Facing Sexual Harassment Head-On
“If your flirting strategy is indistinguishable from harassment, it's not everyone else that's the problem.” ― John Scalzi
I really, really didn’t want to write about sexual harassment this month. I didn’t want to write about those who couldn’t keep their hands to themselves or those who thought that it was funny or those who bragged of assault like a victory. And I especially didn’t want to write about how those people somehow found their way to power. But every time I turned on the news, there it was.
If anyone had any doubts that sexual harassment was not only real but a constant, continuing threat for women everywhere, I sure hope that this month has enlightened them. Because as much as I wanted to believe that we now live in a world where this kind of behavior is rare at best, it is becoming increasingly clear that this is not the case. A recent online campaign, #MeToo, in which women all over the world came together to share their stories of harassment, along with the increasing number of people coming forward with accusations have revealed just how common the problem is. Among those accused have been Donald Trump, Harvey Weinstein, Al Franken, Bill O’Reilly, Roy Moore, and others: very different people from all over the political spectrum that are proving that sexual harassment is not a partisan issue, it is a human issue.
But when it comes down to it, it’s even more than just that. Because while it may be tempting to just write off those accused as evil or bad, that suddenly becomes a lot more difficult when it is your friends, leaders, and others that you trusted and looked up to that are caught on the other side of the accusation. Suddenly we find ourselves rationalizing, trying to explain away the behavior of those who were so good in every other area. It’s easier to believe that only bad people are involved in this oppression, which leaves you with two choices: abandon your belief in the accused or find a way to excuse their behavior. But in many cases, the problem of sexual misconduct goes much deeper than the flawed character of an individual, it is systemic.
Sexual harassment is so pervasive, not because we have a bunch of evil people everywhere, but because we have somehow created a culture that is okay with it. We have somehow created a culture that laughs and looks the other way. We have somehow created a culture that turns around and elects it into power. From the romantic trope of the overly persistent boyfriend to the mantra of “no means yes” and the idea that a woman’s clothes could somehow be more at fault than her rapist, society has accepted this culture in discreet and pervasive ways. These ideas take route in us as we grow and allow us to ignore, to laugh off, and even to justify a culture that is harming women. It turns us into the people that take the picture, that laugh at the jokes, that watch the show, and that allow society to continue believing that treating women like this is okay.

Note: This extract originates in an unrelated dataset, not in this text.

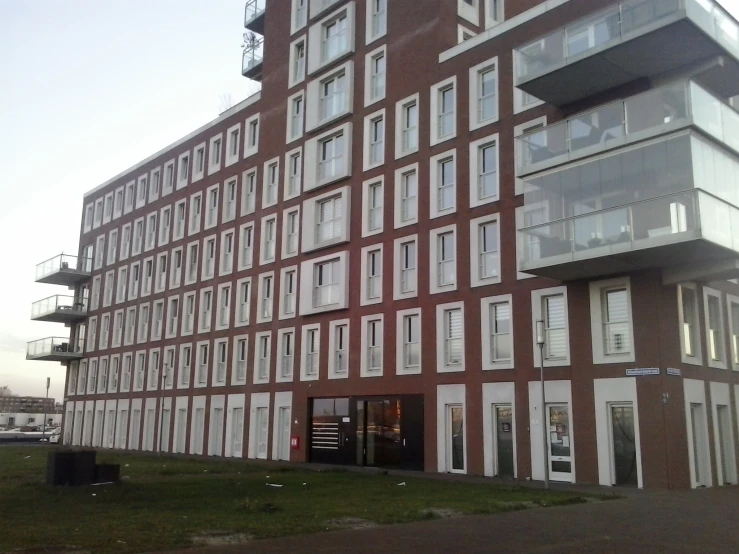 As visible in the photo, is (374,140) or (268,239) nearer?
(374,140)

Culture is by no means an excuse for the reprehensible behavior displayed by so many. It is not an excuse for assault nor harassment nor making women intentionally uncomfortable for your own enjoyment. But it is something that we have to talk about and consider. Because if we don’t get to the route of these problems, we’ll never truly be safe. We have to be the ones to bring it up, the ones who call it out, the ones who make it matter. Because it does, and we do, and so do the feelings and bodies and safety of women everywhere.
I didn’t want to write about sexual harassment this month, and maybe, just maybe, that is a part of the problem.